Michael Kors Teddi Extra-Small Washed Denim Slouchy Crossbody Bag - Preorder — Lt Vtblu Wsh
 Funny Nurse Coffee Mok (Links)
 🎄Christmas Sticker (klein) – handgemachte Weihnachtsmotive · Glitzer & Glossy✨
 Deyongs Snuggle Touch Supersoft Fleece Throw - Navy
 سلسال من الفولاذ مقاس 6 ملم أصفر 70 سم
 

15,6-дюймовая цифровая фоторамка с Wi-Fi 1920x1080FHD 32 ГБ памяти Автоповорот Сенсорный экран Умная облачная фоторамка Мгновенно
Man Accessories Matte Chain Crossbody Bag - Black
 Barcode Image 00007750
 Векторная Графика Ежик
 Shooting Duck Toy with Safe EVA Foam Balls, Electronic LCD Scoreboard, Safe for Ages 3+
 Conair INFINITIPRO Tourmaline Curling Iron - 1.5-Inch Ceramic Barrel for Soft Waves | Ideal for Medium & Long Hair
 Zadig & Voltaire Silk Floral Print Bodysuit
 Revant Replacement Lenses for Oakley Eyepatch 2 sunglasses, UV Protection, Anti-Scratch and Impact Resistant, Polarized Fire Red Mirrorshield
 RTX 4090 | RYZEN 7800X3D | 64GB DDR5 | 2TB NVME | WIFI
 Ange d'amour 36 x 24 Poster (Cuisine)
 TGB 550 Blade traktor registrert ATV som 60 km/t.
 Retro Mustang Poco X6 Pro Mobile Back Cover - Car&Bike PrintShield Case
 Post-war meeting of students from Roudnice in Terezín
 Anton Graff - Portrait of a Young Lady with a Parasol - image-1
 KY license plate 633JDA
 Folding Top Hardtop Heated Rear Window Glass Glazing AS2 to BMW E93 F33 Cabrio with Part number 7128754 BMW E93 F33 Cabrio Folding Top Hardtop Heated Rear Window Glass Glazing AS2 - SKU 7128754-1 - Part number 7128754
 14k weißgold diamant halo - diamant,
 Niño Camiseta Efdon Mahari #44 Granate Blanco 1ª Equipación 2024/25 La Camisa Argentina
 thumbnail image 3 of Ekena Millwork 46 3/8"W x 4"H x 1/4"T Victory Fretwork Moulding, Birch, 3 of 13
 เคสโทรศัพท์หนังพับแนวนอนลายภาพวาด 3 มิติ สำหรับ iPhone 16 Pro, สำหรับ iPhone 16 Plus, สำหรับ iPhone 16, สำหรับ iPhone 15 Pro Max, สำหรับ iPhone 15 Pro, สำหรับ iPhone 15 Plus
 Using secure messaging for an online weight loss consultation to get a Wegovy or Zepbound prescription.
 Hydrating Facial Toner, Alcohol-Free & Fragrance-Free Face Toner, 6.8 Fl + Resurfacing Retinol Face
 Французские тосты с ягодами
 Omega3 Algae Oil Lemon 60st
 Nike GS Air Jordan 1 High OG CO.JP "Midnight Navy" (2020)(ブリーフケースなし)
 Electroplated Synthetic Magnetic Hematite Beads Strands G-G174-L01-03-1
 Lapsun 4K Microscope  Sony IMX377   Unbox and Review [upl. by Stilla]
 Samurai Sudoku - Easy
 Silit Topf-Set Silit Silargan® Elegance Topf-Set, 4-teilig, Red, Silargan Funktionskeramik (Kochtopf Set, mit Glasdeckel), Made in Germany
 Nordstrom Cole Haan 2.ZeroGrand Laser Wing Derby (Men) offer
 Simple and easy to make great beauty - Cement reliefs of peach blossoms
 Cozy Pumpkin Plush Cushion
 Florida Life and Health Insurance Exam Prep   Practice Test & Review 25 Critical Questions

────────

• Activity
What lines in the material above contain the word "Navy"? Copy them out.

• Answer box
 Deyongs Snuggle Touch Supersoft Fleece Throw - Navy
 Nike GS Air Jordan 1 High OG CO.JP "Midnight Navy" (2020)(ブリーフケースなし)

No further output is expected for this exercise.